De op te leggen straffen zijn gegrond op de artikelen 2 en 10 van de Opiumwet en de artikelen 9, 14a, 14b, 14c, 22c en 22d van het Wetboek van Strafrecht.

BESLISSING

Het hof:
Vernietigt het vonnis waarvan beroep enkel ten aanzien van de opgelegde straf en doet in zoverre opnieuw recht.
Veroordeelt de verdachte tot een
gevangenisstrafvoor de duur van
6 (zes) maanden.
Bepaalt dat de gevangenisstraf
nietten uitvoer zal worden gelegd, tenzij de rechter later anders mocht gelasten omdat de verdachte zich voor het einde van een proeftijd van
2 (twee) jarenaan een strafbaar feit heeft schuldig gemaakt.

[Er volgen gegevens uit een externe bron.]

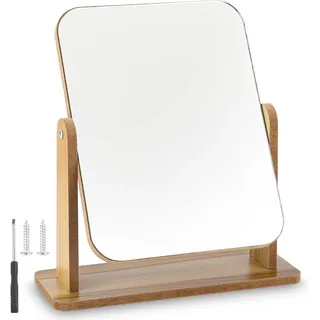 Freistehender Kosmetikspiegel – 1-teilig – Holz Und Mattierter Kunststoff – 360° Drehbar – Für Schminktisch Und Badezimmer – 25 X 22 Cm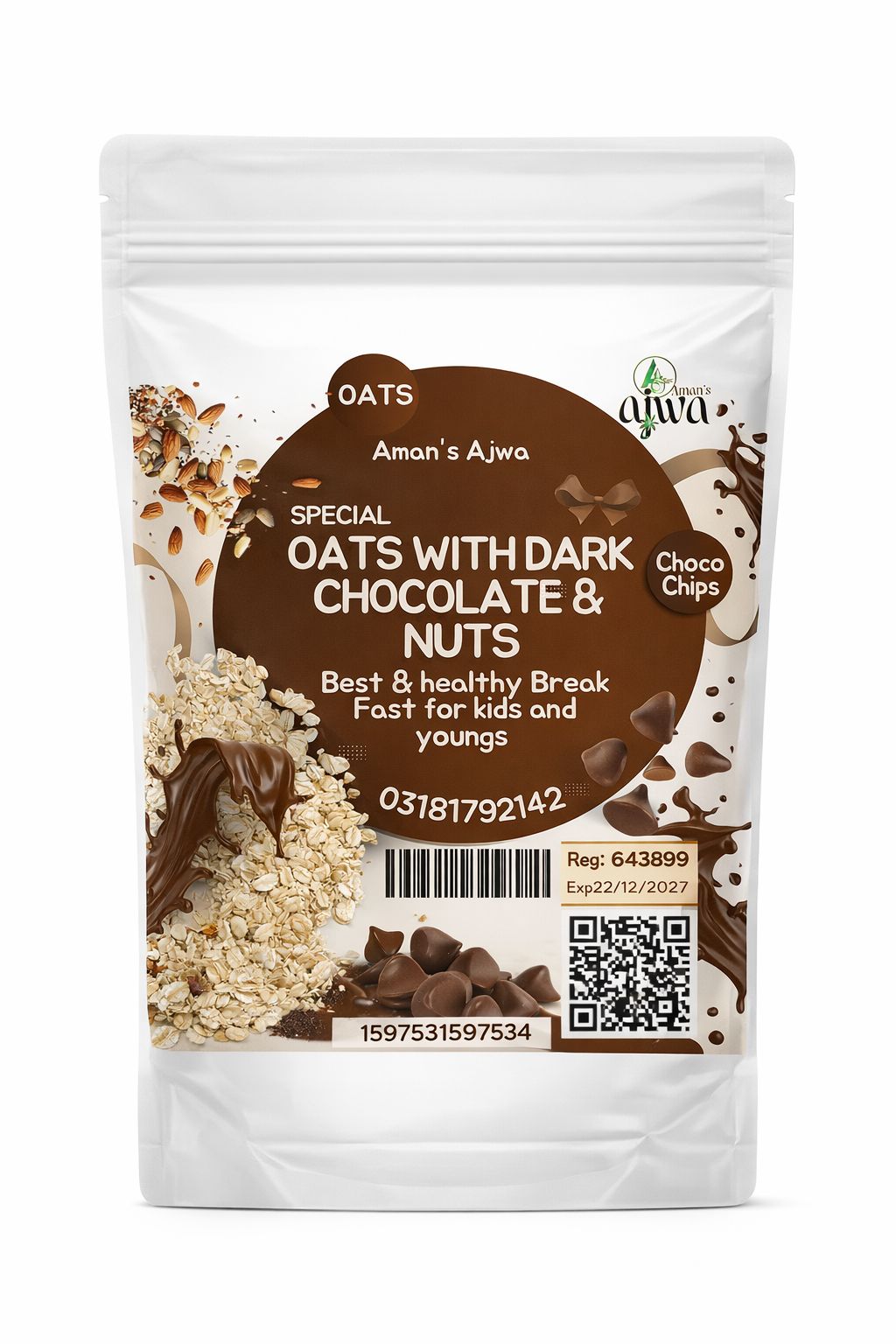 Oats with Dark Chocolate and Nuts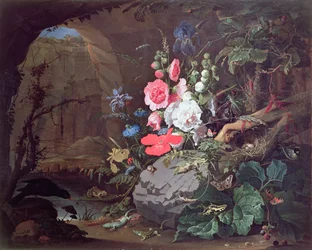 Blommor och fåglar i en grotta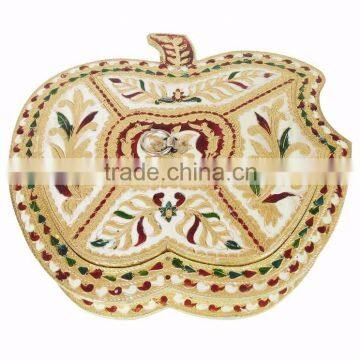 Apple shaped decorative handmade Meenakari Chocolate Box / Dry Fruit Box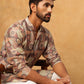 Traditional Printed Cotton Blend Kurta ( ANMKO 317Brown )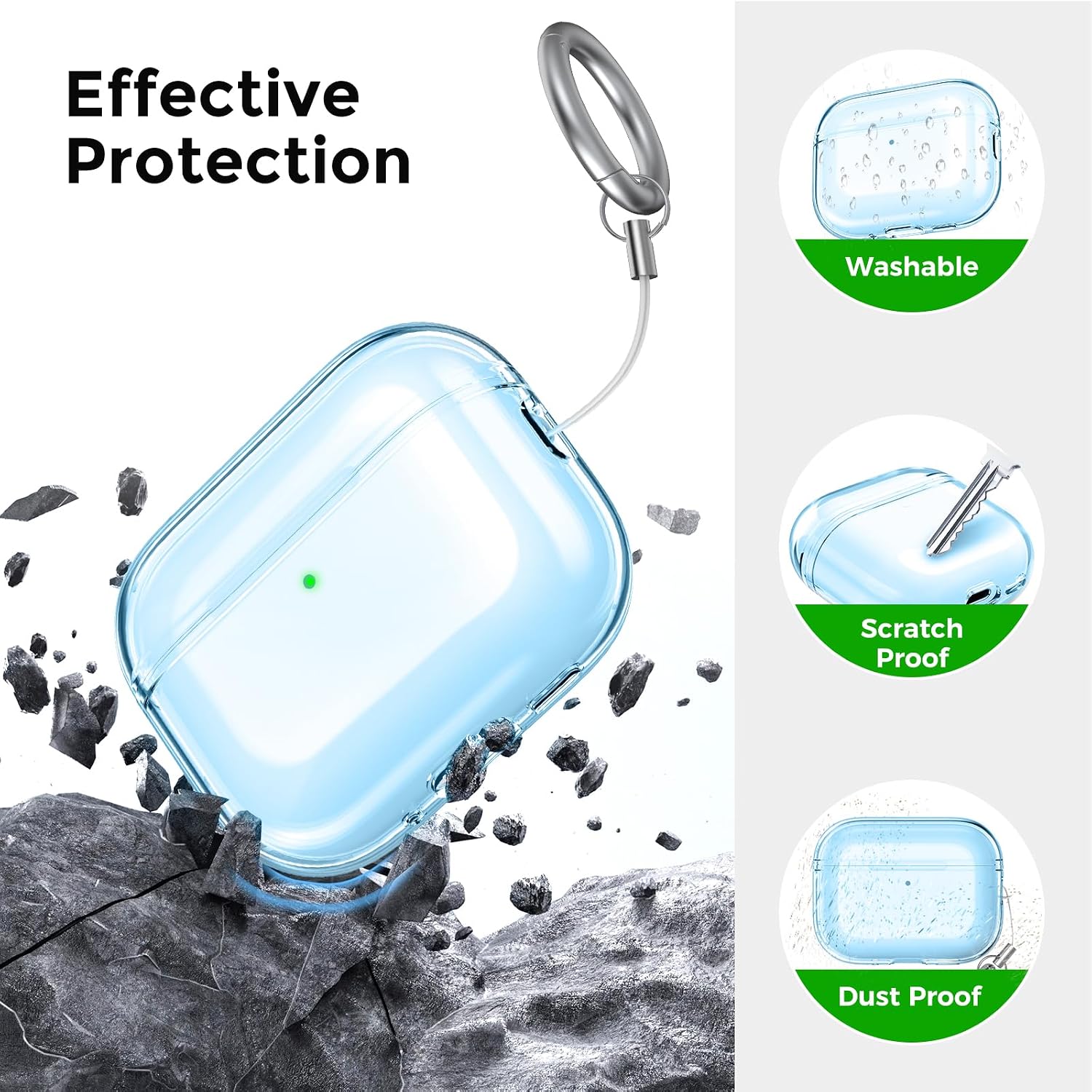 Detalle 2 de AhaStyle Clear AirPods Pro 3 Case Cover (2025) with Anti-Yellowing Soft TPU Skin and Cleaner Kit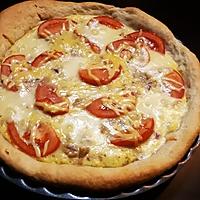 recette Quiche pâte levée au thon, tomates, mozzarella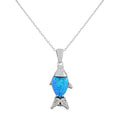 925 Sterling Silver CZ Blue Turquoise-Tone Fish Simulated Opal Pendant Necklace L381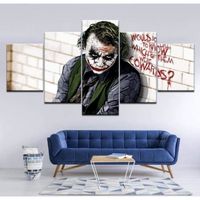 Peinture sur Toile Joker 5 pièces Art Mural Peinture modulaire Affiche Impression pour Salon décor à la Maison-sans Cadre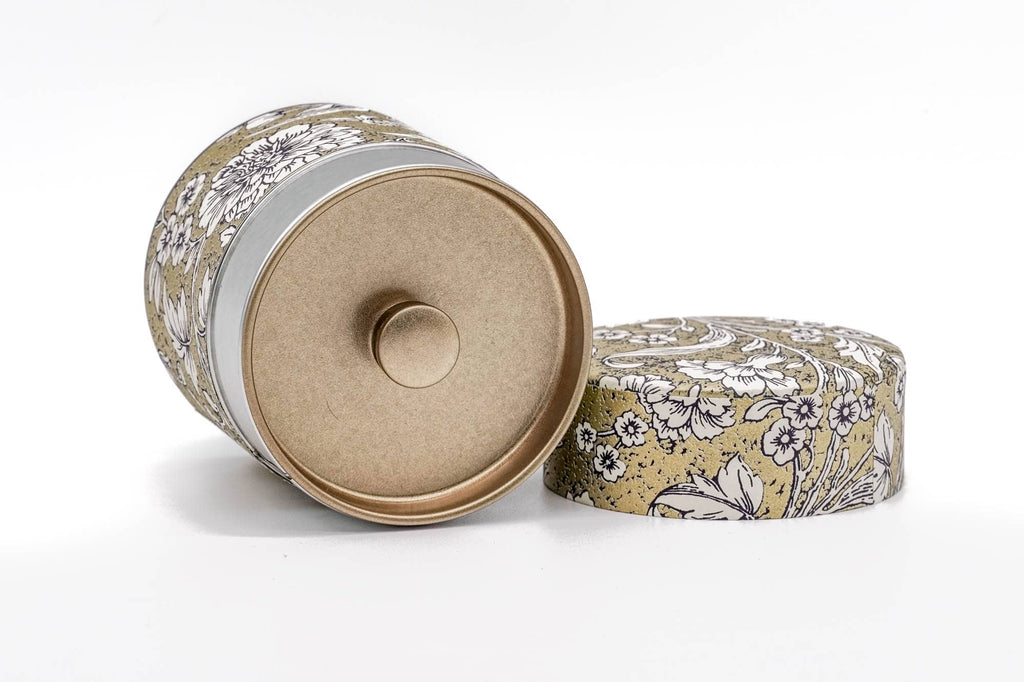 Gold White Floral Florentine Paper Tea Canister - 100g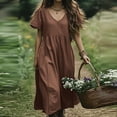 thumbnail image 2 of Summer Dresses for Women Short Sleeve Cre W Neck Cotton Linen Boho Dresses Button Solid Color Causal Loose Beach Vacation Maxi Dresses with Pockets, 2 of 7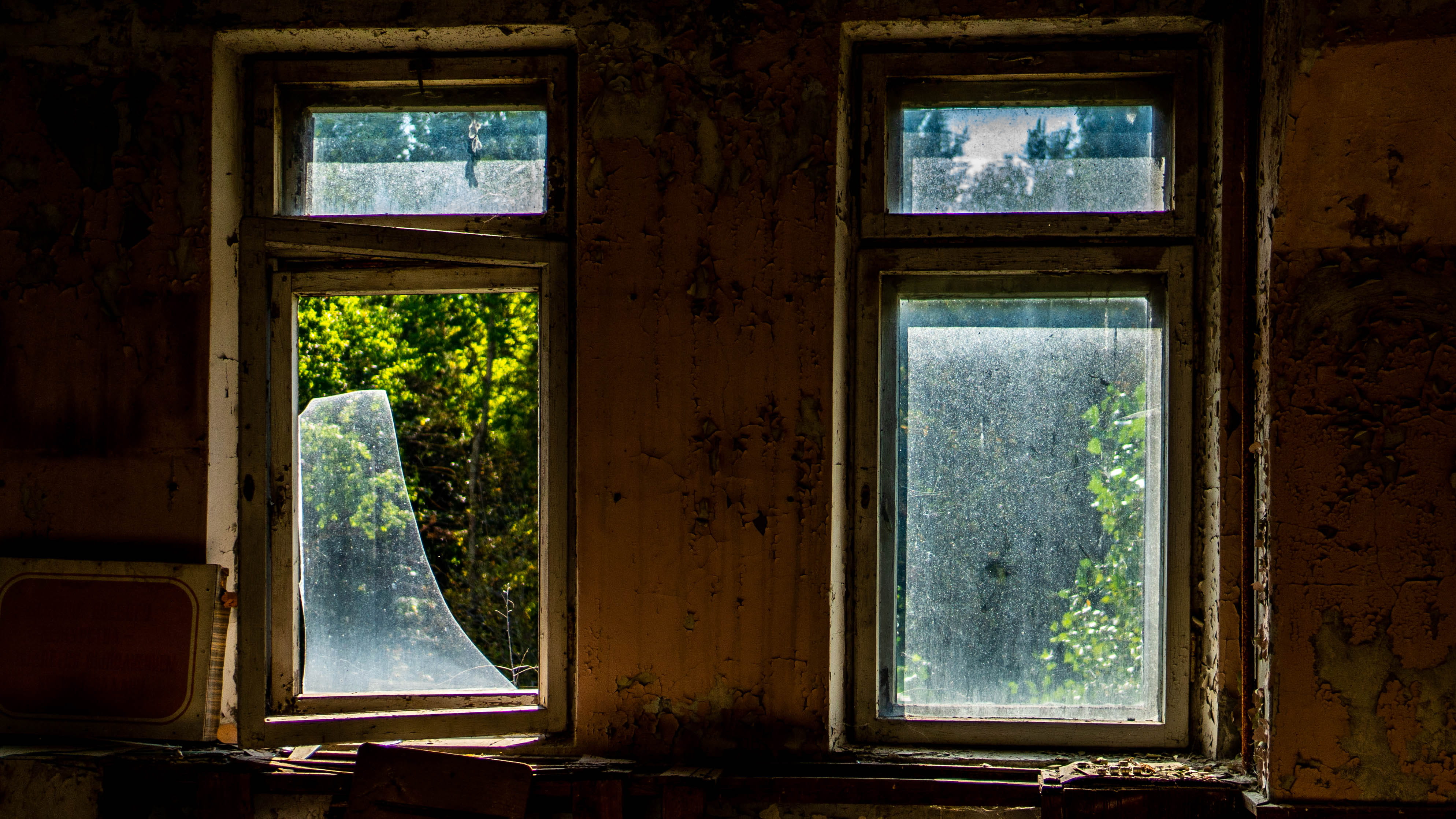 deterioration, window, brick, glass, transparent, chornobyl, architecture, tree, 4K, indoors, ornament, obsolete, abandoned, built structure, plant, run-down, HD Wallpaper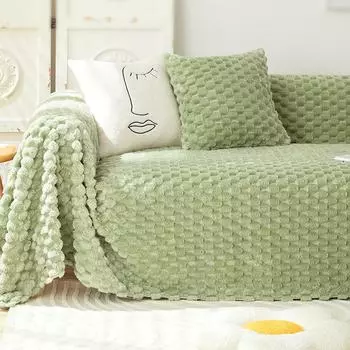 Зимний утолщенный плюшевый чехол для дивана с изображением кролика, новый зимний чехол для дивана, противоскользящая подушка с защитой от когтей кошки 180*130cm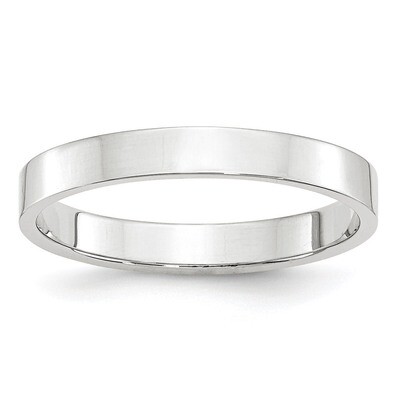 3mm Lightweight Flat Band 10k White Gold WFLL030 Engravable, MPN: WFLL030, 886774464923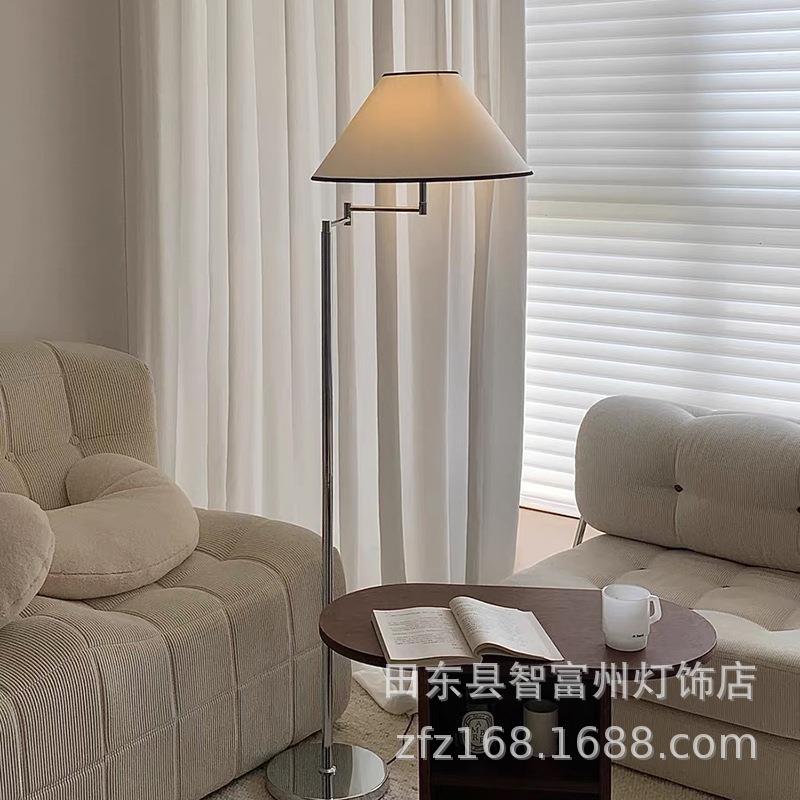New Korean Nordic style bedroom bedside study swingable fabric girly decorative floor lamp with personality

Veroordeelt de verdachte tot een
taakstrafvoor de duur van
240 (tweehonderdveertig) uren, indien niet naar behoren verricht te vervangen door
120 (honderdtwintig) dagen hechtenis.
Beveelt dat de tijd die door de verdachte vóór de tenuitvoerlegging van deze uitspraak in enige in artikel 27, eerste lid, van het Wetboek van Strafrecht bedoelde vorm van voorarrest is doorgebracht, bij de uitvoering van de opgelegde taakstraf in mindering zal worden gebracht, volgens de maatstaf van twee uren taakstraf per in voorarrest doorgebrachte dag, voor zover die tijd niet reeds op een andere straf in mindering is gebracht.
Bevestigt het vonnis waarvan beroep voor het overige.
Dit arrest is gewezen door de meervoudige strafkamer van het gerechtshof Amsterdam, waarin zitting hadden mr. M.M.H.P. Houben, mr. A.M.P. Geelhoed en mr. R.A.E. van Noort, in tegenwoordigheid van mr. D. de Jong, griffier, en is uitgesproken op de openbare terechtzitting van dit gerechtshof van 7 juli 2021.
mr. M.M.H.P. Houben is buiten staat dit arrest mede te ondertekenen.